Applications, like flask, which expect that the headers are using latin-1 encoding as specified in [rfc5987] will break gunicorn because gunicorn uses ASCII encoding.
Issue #1353 was closed with the comment
I'm going to close this as it's well documented around the web that HTTP headers should be ASCII, unfortunately.
which is, according to [rfc5987] wrong. Headers should be encoded ISO-8859-1 (aka latin-1). However, a comment in the issue also mentioned commit 5f4ebd2eb2b08783a5fbefe79d09fcb3fc1fbc73, in which the encoding of the headers was switched back from latin-1 to ascii based on a section in [rfc7230] which states that US-ASCII should be used:
Historically, HTTP has allowed field content with text in the
ISO-8859-1 charset [ISO-8859-1], supporting other charsets only
through use of [RFC2047] encoding. In practice, most HTTP header
field values use only a subset of the US-ASCII charset [USASCII].
Newly defined header fields SHOULD limit their field values to
US-ASCII octets. [...]
Now, I'm not into all this RFC specifications and don't know which is the right way to do it. However, as other applications expect latin-1 as specified in [rfc5987] but gunicorn implements the version given in [rfc7230], it might be worth to discuss this, even if it's just for a clarification on which track gunicorn is.

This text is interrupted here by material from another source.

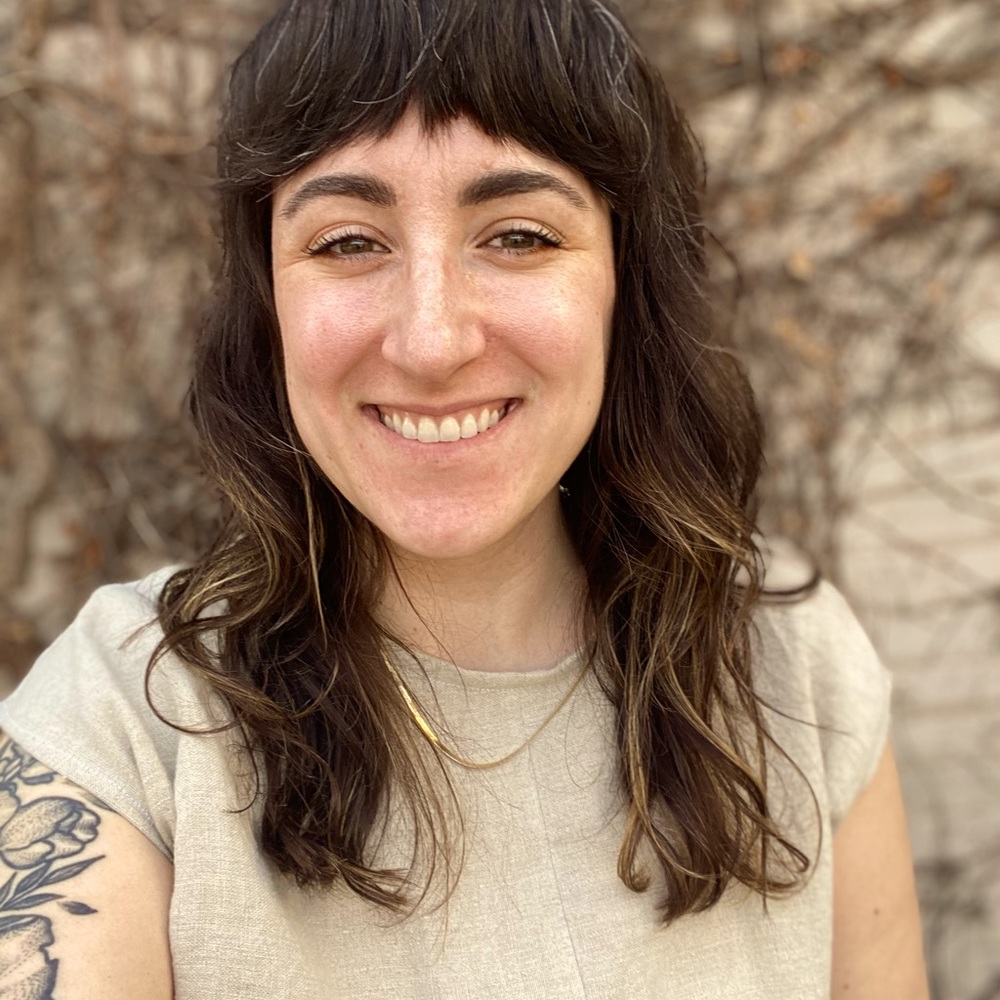 Meet your Posher, Jenna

Related Issues in gunicorn:
https://github.com/benoitc/gunicorn/issues/1353 : wsgi.py > send_headers: encoding problem.
Related Issues in Flask:
https://github.com/pallets/flask/issues/2766 : send_file: latin-1 encoding not compatible with gunicorn
https://github.com/pallets/flask/pull/2223 : Fix send_file's attachment_filename to work with non-ascii filenames
Related RFC:
https://tools.ietf.org/html/rfc5987#section-1
gunicorn implements the last specification (and it used to work with previous versions of flask).

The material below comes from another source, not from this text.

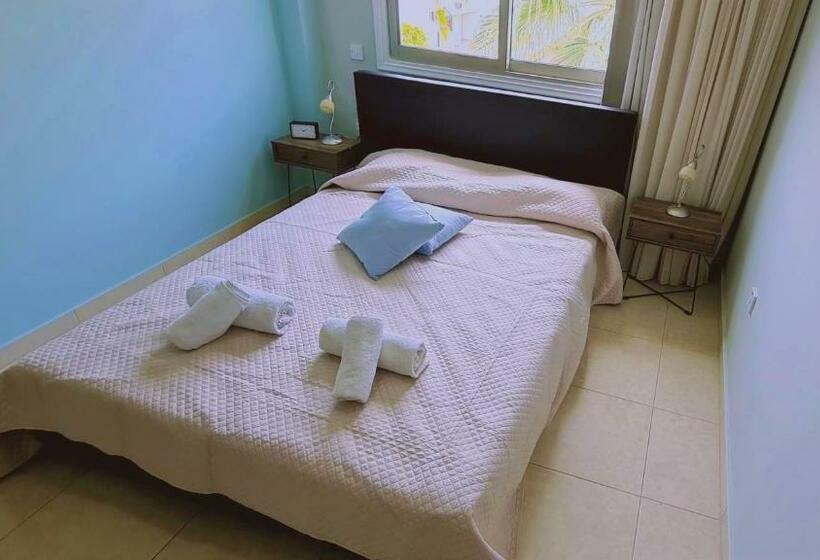 Stay Kapparis Horizon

If we want to relax it for old applications maybe we may want yo try to encode to latin1 if encoding to ascii didn't work. Thoughts ? cc @tilgovi
to be more complete, gunicorn use the updated HTTP 1.1 spec (7230 and related). That could be indeed documented.
From my position, the spec says "SHOULD" and PEP 333 mentions latin-1 so I think Gunicorn could support latin-1 even if applications are advised not to use non-ASCII characters.
That's my initial reading, but I'll wait for others to weigh in.
I think Gunicorn could support latin-1
By this I mean only that Gunicorn would not be breaking any spec. Right now Gunicorn is more strict than it needs to be. It is not necessarily wrong to be so strict. We can decide together.
RFC 7320 says that new headers "SHOULD" use ASCII. That most headers use ASCII right now seems to be just information about the current situation. But I think this sentence is more important:
Historically, HTTP has allowed field content with text in the
ISO-8859-1 charset [ISO-8859-1], supporting other charsets only
through use of [RFC2047] encoding.
So, latin-1 is clearly allowed.
If RFC7320 says that new headers "SHOULD" use ASCII, the question is, who defines the headers? Is it the application using gunicorn or is it gunicorn itself. As I understand, the application defines the headers.
What annoyed me is that change has been done 3 years ago without much people beeing blocked by it on the different frameworks until that recent change in flask. I would have thought that in 2018 all applications would follow a specification published in 2014. Part of the issue is that PEP3333 allowing ISO-8859-1 aka latin 1.
Anyway I don't disagree to be more relaxed on it. I propose to do the following :
Thoughts ?
@benoitc sorry for causing trouble! It's hard to keep track of all the different specs. :sweat:
If you show that warning, I predict a regular stream of issues being open on Flask about it though. I think it makes more sense to just allow Latin-1 silently, as it's part of the PEP.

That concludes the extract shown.